*** DATASET EXCERPT ***

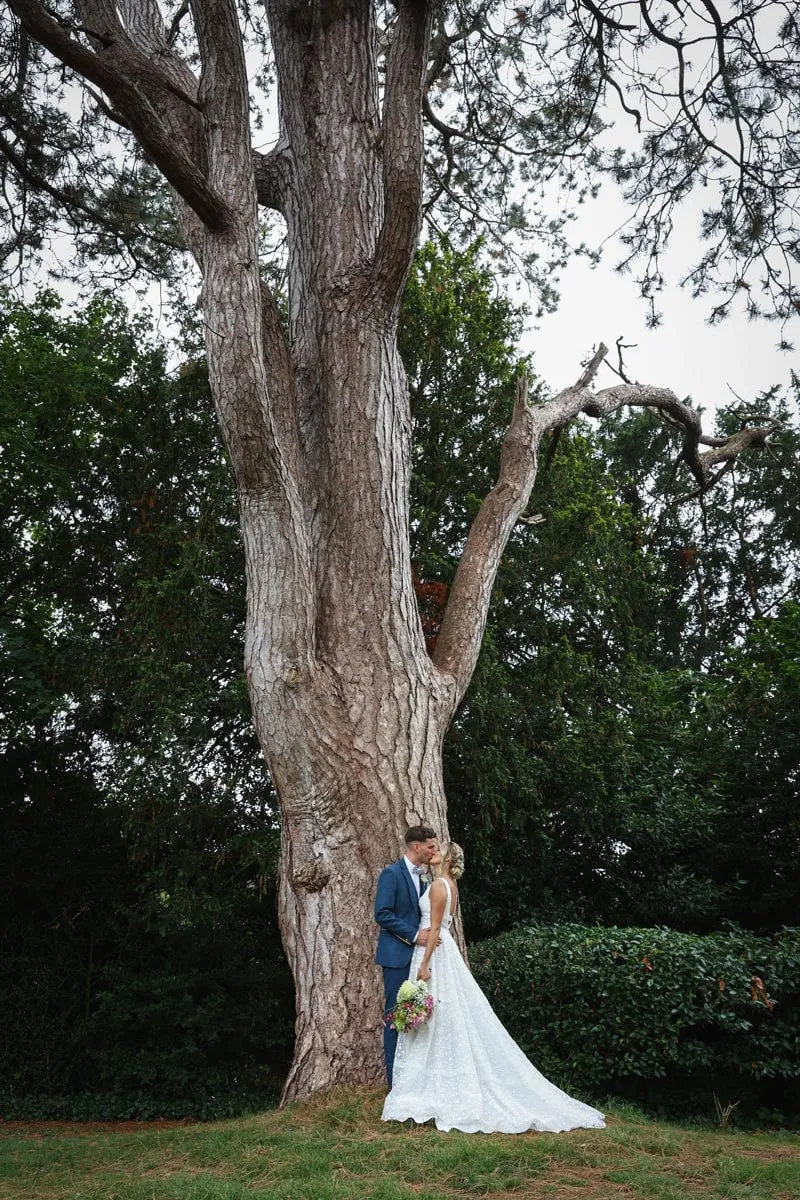 Bride and groom portrait by Studio H Photography
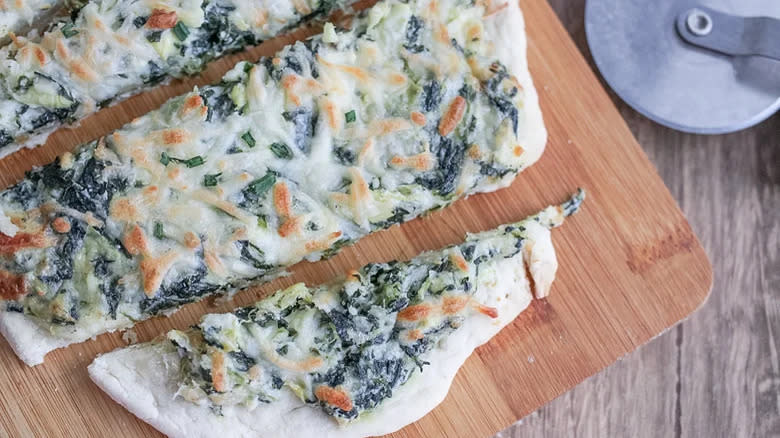 sliced spinach and cheese flatbread 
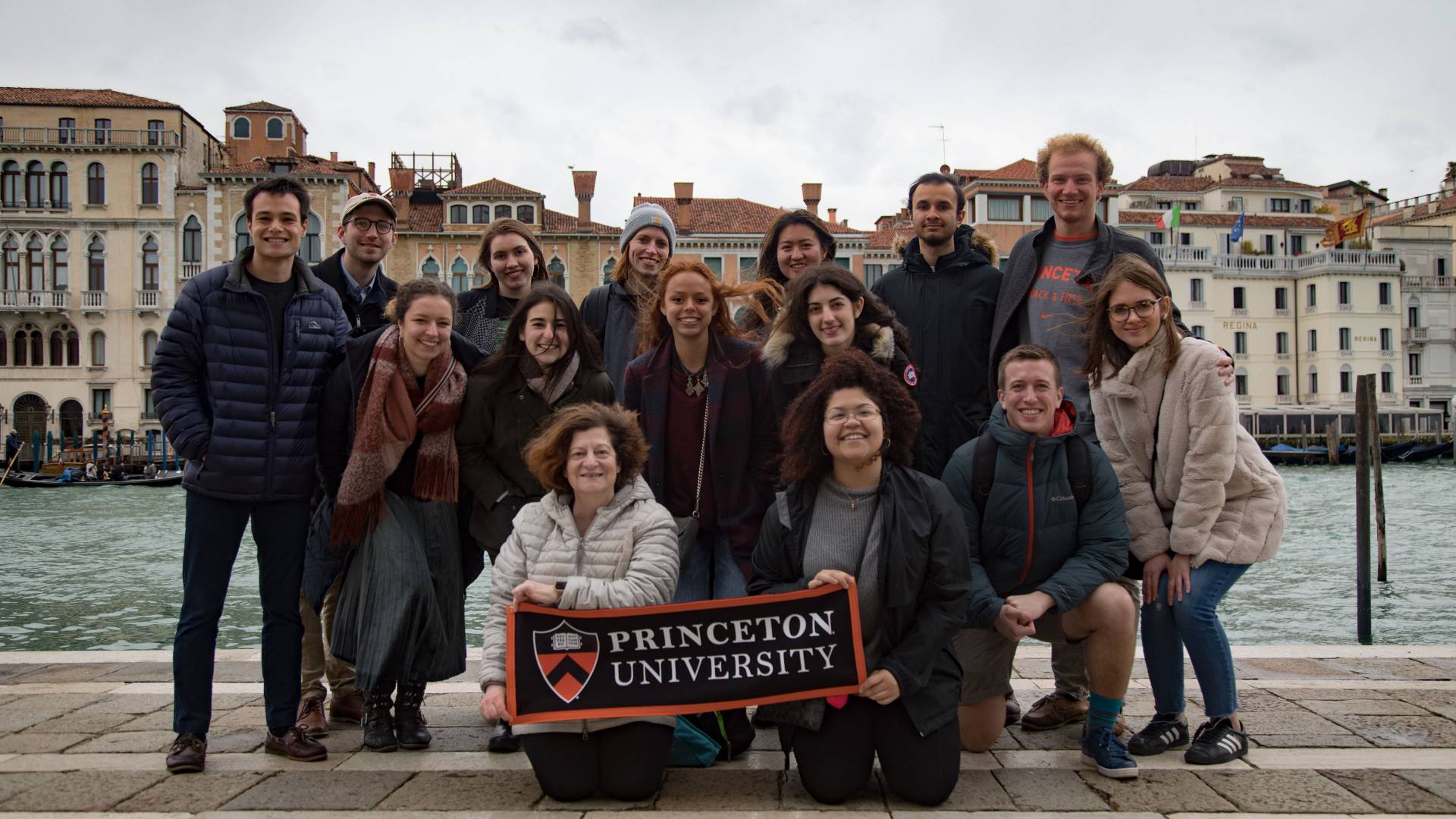 Students and professors in Venice holding Princeton University banner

*** End of DATASET EXCERPT ***

AIM OF THE TASK:
Would you return the material exactly, images excluded?

PROBLEM SOLUTION:
 Bride and groom portrait by Studio H Photography
 sliced spinach and cheese flatbread 
 Students and professors in Venice holding Princeton University banner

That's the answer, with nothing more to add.